Hukuk

NİTELİKLİ DOLANDIRICILIK

YARGITAY, kendilerini hoca olarak tanıtarak “Kızınızın bahtı kapanmış muska ile açabiliriz”, “Evinizin bahçesinde bir küp altın var, dua ile altını buluruz” gibi vaatlerle dolandırıcılık yapan sanıklara verilen cezayı az bularak, kararı bozdu.

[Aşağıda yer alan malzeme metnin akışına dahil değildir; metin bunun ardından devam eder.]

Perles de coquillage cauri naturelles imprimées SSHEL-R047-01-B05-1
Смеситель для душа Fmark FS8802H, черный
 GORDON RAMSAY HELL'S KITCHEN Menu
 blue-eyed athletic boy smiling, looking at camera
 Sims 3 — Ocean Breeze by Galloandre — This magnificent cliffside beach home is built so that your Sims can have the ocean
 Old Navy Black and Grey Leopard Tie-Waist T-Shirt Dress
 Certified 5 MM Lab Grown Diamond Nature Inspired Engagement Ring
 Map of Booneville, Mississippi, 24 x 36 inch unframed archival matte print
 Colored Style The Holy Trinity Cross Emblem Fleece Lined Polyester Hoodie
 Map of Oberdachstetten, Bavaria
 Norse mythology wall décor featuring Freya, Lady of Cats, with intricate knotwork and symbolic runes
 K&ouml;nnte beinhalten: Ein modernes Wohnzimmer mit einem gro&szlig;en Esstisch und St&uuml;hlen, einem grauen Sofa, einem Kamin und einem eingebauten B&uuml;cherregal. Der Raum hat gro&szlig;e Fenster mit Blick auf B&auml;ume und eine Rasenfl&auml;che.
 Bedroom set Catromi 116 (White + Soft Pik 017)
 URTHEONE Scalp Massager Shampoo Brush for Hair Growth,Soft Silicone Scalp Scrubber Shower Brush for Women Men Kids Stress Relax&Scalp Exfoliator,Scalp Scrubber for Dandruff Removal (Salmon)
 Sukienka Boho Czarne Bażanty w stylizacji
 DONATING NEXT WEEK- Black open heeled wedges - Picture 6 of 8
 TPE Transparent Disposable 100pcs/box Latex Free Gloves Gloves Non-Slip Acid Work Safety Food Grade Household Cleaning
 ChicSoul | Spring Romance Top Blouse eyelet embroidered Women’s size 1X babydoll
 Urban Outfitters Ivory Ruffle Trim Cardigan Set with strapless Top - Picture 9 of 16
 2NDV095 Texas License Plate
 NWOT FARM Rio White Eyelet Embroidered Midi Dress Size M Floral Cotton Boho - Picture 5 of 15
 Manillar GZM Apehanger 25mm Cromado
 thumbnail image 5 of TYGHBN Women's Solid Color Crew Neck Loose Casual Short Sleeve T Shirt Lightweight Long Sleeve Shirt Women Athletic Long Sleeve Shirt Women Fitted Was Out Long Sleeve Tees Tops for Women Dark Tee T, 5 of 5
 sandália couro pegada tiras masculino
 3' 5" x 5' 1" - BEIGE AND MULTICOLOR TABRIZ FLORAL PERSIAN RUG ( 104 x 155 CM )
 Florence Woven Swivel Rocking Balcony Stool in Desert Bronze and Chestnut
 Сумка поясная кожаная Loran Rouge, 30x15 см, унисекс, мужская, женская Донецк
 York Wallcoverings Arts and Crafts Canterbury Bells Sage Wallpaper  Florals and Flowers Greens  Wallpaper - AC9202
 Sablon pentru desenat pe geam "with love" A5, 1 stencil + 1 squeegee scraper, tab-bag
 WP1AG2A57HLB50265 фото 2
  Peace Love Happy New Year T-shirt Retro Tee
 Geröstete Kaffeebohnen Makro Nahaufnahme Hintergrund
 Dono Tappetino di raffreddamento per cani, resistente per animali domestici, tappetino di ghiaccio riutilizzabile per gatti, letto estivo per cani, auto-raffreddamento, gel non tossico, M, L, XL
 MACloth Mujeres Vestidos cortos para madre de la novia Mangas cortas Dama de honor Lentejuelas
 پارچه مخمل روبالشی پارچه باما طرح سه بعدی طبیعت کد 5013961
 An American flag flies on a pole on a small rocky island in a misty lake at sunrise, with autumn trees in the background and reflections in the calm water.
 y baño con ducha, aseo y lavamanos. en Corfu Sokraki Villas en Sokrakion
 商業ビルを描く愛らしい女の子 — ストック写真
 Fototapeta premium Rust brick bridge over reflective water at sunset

Dini duyguların istismarı ile yapılan dolandırıcılık TCK 157. maddeki dolandırıcılık suçunu değil, 158. maddedeki nitelikli dolandırıcılık suçunu oluşturur.
Yargıtay 15. Ceza Dairesi, gerekçesinde “Dolandırıcılık suçunun dini inanç ve duyguların istismar edilmesi suretiyle işlenmesi daha ağır ceza gerektirir” dedi.

Din tanımı yapıldı

Yargıtay, “Burada dikkat edilmesi gereken husus, dinin bir aldatma aracı olarak kullanılmasıdır” diyerek, şu tanımı yaptı: “Din, bir topluluğun sahip olduğu kutsal kitap, peygamber ve Allah kavramını da genellikle içinde bulunduran inanç sistemi ve bu sisteme bağlı olarak yerine getirmeye çalıştığı ahlaki kurallar bütünüdür.  Bir insanın dini inanç ve duyguları ile, doğup büyüdüğü, terbiyesini aldığı ailesi, çevresi ve içinde bulunduğu toplum arasında çok sıkı bir ilişki bulunmaktadır.”

7 yıl gerektirir

Yargıtay, sanıkların işledikleri suçun 1 yıl ile 5 yıl arasında değişen hapis cezası öngören “dolandırıcılık” suçu olmadığını, işlenen suçun 2 yıl ile 7 yıl hapsi gerektiren “nitelikli dolandırıcılık” olduğu tespiti yaptı. Yargıtay, sanıkların dini inanç ve duyguları istismar edilmesi suretiyle nitelikli dolandırıcılık yaptığını belirterek, işlenen her suç için zincirleme olarak ceza tespiti yapılmasını istedi.